Resource

Incident Response Runbook Template

An editable runbook template aligned to NIST SP 800-61. Four scenario playbooks (ransomware, business email compromise, insider threat, supply-chain compromise) with declared severity triggers, 30-minute, 4-hour, and 24-hour action lists, evidence preservation steps, communication templates, and post-incident review checklists. Adapt it. Print it. Put it in the binder your on-call team actually opens.

By Daniel Agrici, Chief Security Officer, EFROSReviewed by Stefan Efros, CEO & Founder, EFROS
Reviewed by CSO ·

Why every organization needs a runbook

The first hour of an incident is where most of the damage happens, and it is also when decision quality is at its worst. Executives are not yet looped in. On-call engineers are triaging from fragmented alerts. Legal has not been engaged. The insurance carrier has not been notified. No one has opened the chain-of-custody log because no one has decided whether this is a real incident yet. A written runbook replaces that scramble with a sequence of actions that the team has rehearsed.

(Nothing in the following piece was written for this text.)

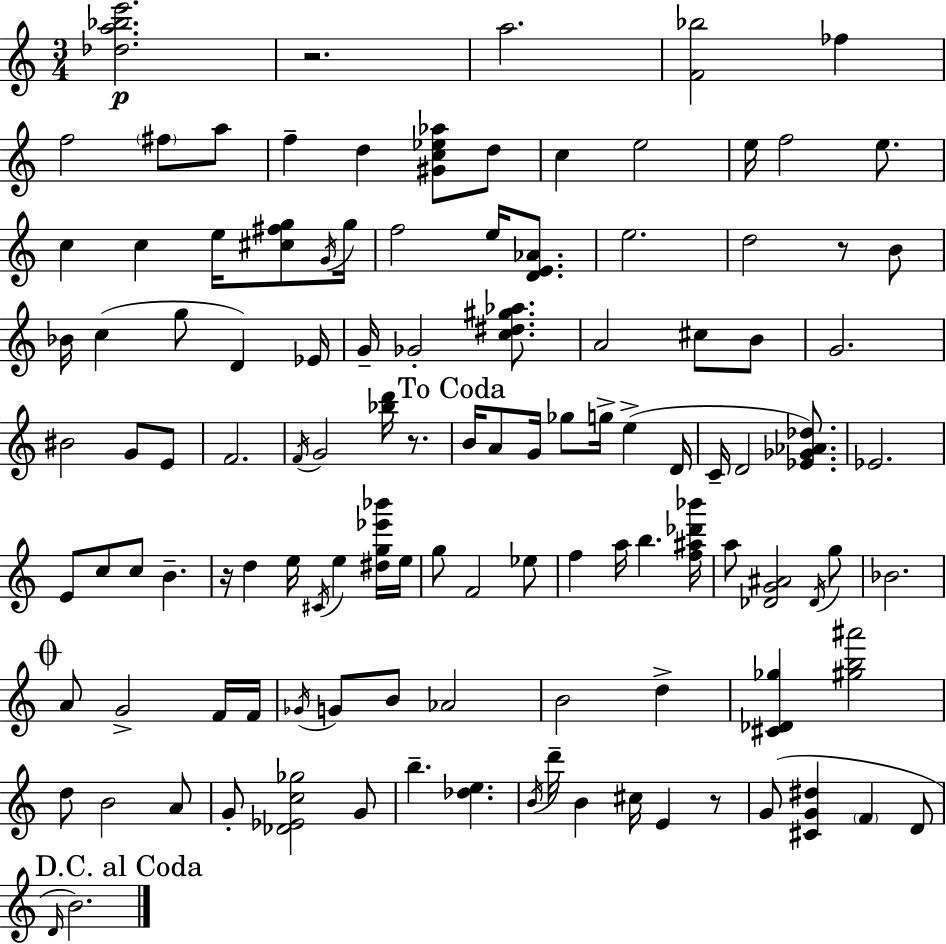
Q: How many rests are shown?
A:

A good runbook is not a policy document. It is a field manual. It names the role that makes the decision, the artifact that captures it, and the next action that follows. It assumes the person reading it is tired, in the middle of the night, and trying to figure out what to do next. Every sentence earns its place by answering a question that actually arises under those conditions.

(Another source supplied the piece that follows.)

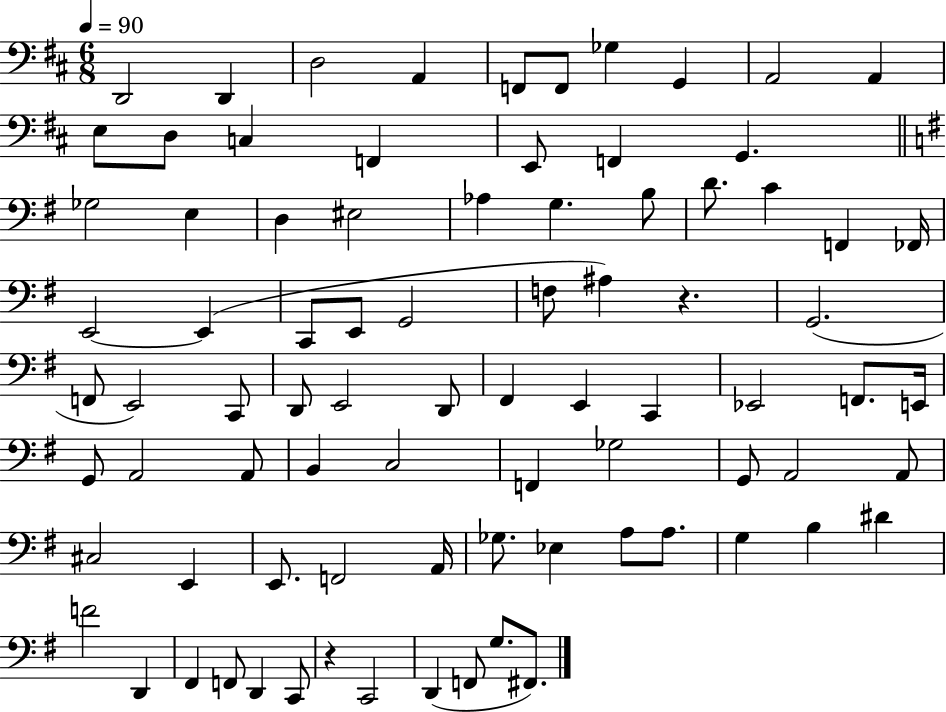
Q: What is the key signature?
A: D major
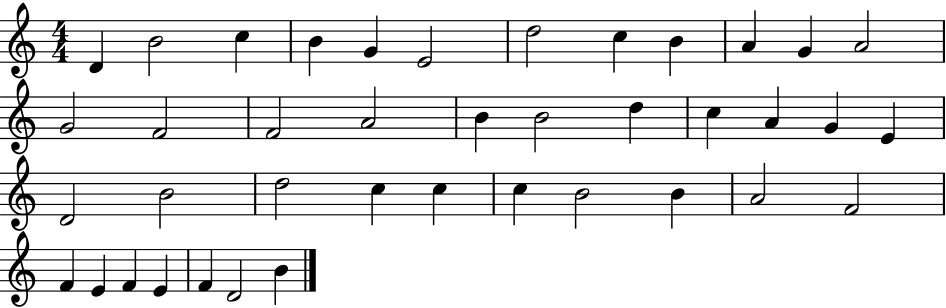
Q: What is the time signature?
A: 4/4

The goal is not to cover every possible incident. The goal is to cover the four or five scenarios most likely to affect the organization, make decisions in advance about how to respond, and practice them until the team can execute without the document in front of them.

See our incident response pillar for the program-level context this runbook fits into.

The NIST SP 800-61 lifecycle as the framework

The template uses the four-phase lifecycle from NIST SP 800-61 Rev. 2: preparation, detection and analysis, containment and eradication and recovery, and post-incident activity. The first phase lives in your program (training, tooling, relationships, tabletop exercises). The scenario playbooks in this template cover the second and third phases. The fourth phase is the post-incident review that feeds back into the runbook itself.

Additional authoritative guidance comes from CISA incident response guidance and, for financial fraud cases, the FBI IC3 reporting portal. Align your procedures to NIST SP 800-61 as the backbone and layer in the sector-specific guidance that applies to your data and contracts.

Preparation is the phase where most of the return sits. Declared roles, tested backups, rehearsed escalation paths, and preexisting relationships with legal, insurance, and IR retainers are all work that has to happen before the incident. If you open the runbook for the first time during the event, you will spend the first hour finding contact information that should have been one page away.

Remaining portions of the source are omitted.